Menselijke selectie van geiten heeft mogelijk effect gehad op het natuurlijke aanpassingsvermogen van de dieren. Daardoor kunnen ze zich mogelijk moeilijker aanpassen als ze bijvoorbeeld in een nieuwe groep komen, wat impact kan hebben op het welzijn van de geiten. Dat blijkt uit onderzoek van het Duitse Research Institute for Farm Animal Biology.
Voor het onderzoek deden dwerggeiten (niet geselecteerd voor melkproductie) en melkgeiten verschillende tests waarbij werd gekeken hoe snel zij bepaalde taken leerden. Onderzoekers lieten de geiten eerst wennen aan de gebruikte voorwerpen en leerden hen hoe ze een bepaalde keus konden maken. Vervolgens moest het dier uit twee verschillen voorwerpen de ‘juiste’ kiezen. Hierna werd het moeilijker gemaakt en was het de bedoeling dat de geit het voorwerp met de juiste kleur koos. Als laatste werd onderzocht of geiten ook in staat zijn om voorgaande oefening omgekeerd uit te voeren. Wat in de eerste test de juiste keuze was, werd in de laatste proef de verkeerde keuze.
Beide groepen geiten presteerden even goed tijdens de gewenningstest. Dwerggeiten hadden echter minder herhalingen nodig voor het uitvoeren van de omgekeerde test. Zij hadden sneller door dat de voorgaande juiste keuze, nu fout was.

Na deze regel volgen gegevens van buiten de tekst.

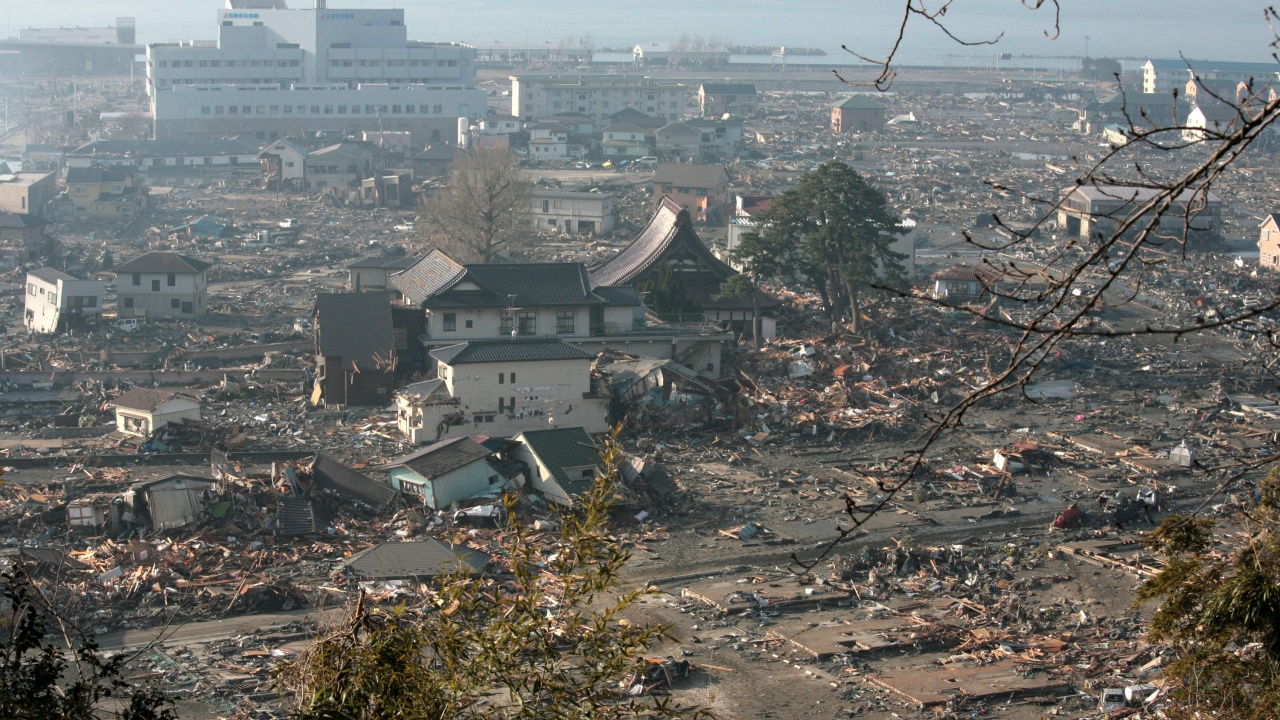 Япония отбелязва 11 години от ядрената катастрофа във Фукушима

Aanpassen aan de leefomgeving
Om te overleven moeten dieren zich van nature snel aan kunnen passen aan de leefomgeving, met name om voldoende voedsel te kunnen vinden. Door het jarenlange selecteren van melkgeiten op productiekenmerken, zoals een hoge melkproductie, kunnen deze dieren zich moeilijker aanpassen aan nieuwe omstandigheden, blijkt uit het onderzoek. Het gedrag van de geiten is minder flexibel. Voor melkgeiten die in een stal leven en bijna altijd toegang tot voedsel hebben, is aanpassing aan een andere leefomgeving overbodig geworden. Toch kan het verminderde aanpassingsvermogen impact hebben op het welzijn van dieren als ze bijvoorbeeld van groep moeten wisselen of in een andere stal (omgeving) worden geplaatst.